#### Task to complete:
Pictures should be left out while the data beneath this task is written out word for word.
==== Information shown
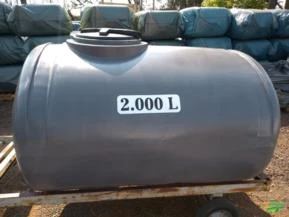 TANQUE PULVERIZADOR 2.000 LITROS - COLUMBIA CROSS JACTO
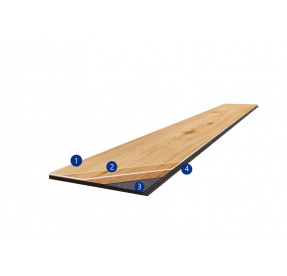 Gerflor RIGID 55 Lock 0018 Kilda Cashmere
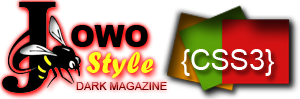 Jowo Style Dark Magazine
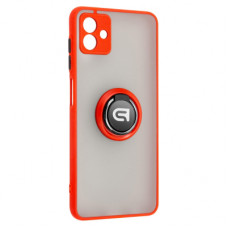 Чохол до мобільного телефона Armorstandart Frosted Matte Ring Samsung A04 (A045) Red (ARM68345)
========
#### Solution to this task:
 TANQUE PULVERIZADOR 2.000 LITROS - COLUMBIA CROSS JACTO
 Gerflor RIGID 55 Lock 0018 Kilda Cashmere
 Jowo Style Dark Magazine
 Чохол до мобільного телефона Armorstandart Frosted Matte Ring Samsung A04 (A045) Red (ARM68345)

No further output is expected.